The model is trained on the training set and evaluated on the test set using the R2 score to measure how well it predicts the target variable (life expectancy). By introducing polynomial features and regularization, the goal is to balance complexity and performance, avoiding overfitting while capturing meaningful interactions.

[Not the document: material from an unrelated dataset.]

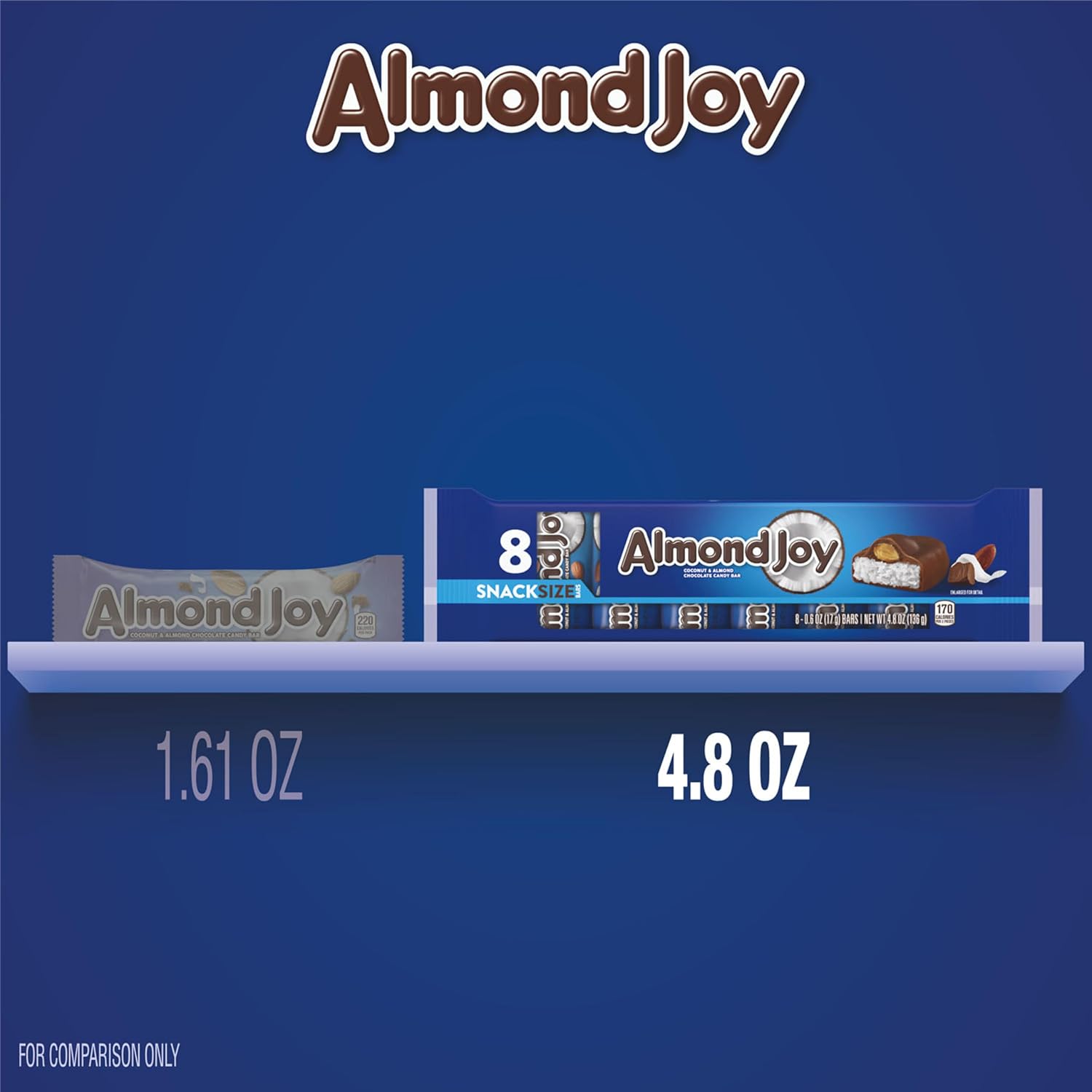 ALMOND JOY Coconut and Almond Chocolate Snack Size, Candy Bars, 0.6 oz (8 Count)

From this, I’ve learned how Ridge Regression can be effectively combined with feature transformations to handle complex relationships in data. It demonstrates how regularization helps control model complexity, making it both robust and generalizable to unseen data.

In [None]:
lasso_pipeline = Pipeline([
    ('scaler', StandardScaler()),
    ('poly', PolynomialFeatures(degree=2, interaction_only=False, include_bias=False)),
    ('lasso', Lasso(alpha=0.01, max_iter=5000))
])

lasso_pipeline.fit(X_train, y_train)
y_pred_lasso = lasso_pipeline.predict(X_test)
r2_lasso = r2_score(y_test, y_pred_lasso)

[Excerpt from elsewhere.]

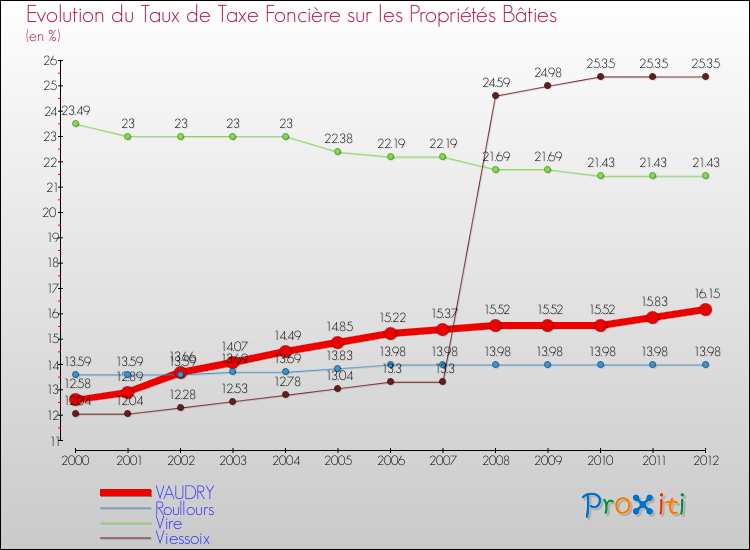 Evolution du taux de la taxe foncière sur le bati pour VAUDRY et les communes proches de 2000 à 2012 Comparaison des taux de taxe foncière sur le bati pour VAUDRY et les communes voisines de 2000 à 2012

print(f"LASSO Regression R2 Score: {r2_lasso:.3f}")



LASSO Regression R2 Score: 0.908


This section implements LASSO regression, a linear model that applies regularization to enhance the selection of relevant features by penalizing less impactful ones. The pipeline begins by standardizing the data to ensure all features have a uniform scale, adds polynomial features to capture nonlinear relationships, and then applies the LASSO regression with specific regularization (alpha=0.01). This method is particularly useful for simplifying models by shrinking less influential feature coefficients to zero.

The model is trained on the training data and tested on the test set. Its performance is measured using the R2 score, which indicates how well the model predicts the target variable (life expectancy).

From this, I’ve learned how LASSO regression is effective for reducing model complexity by performing feature selection, ensuring robustness without overfitting. It also demonstrates the combination of polynomial features and regularization to capture intricate data relationships while maintaining simplicity and interpretability.

---
---
---


The kernel trick is a method used in machine learning to efficiently map input data to a higher-dimensional space without explicitly performing the transformation. Instead of calculating the mapping, it uses a kernel function to compute the relationship between data points in the transformed space directly. This enables models, such as Kernel Ridge Regression or Support Vector Machines, to capture complex, nonlinear patterns in the data.

By using the kernel trick, regression models can better fit complicated relationships within the data, leading to improved prediction accuracy, especially in cases where linear models fall short. It's computationally efficient and avoids the high costs of working in very high-dimensional spaces explicitly.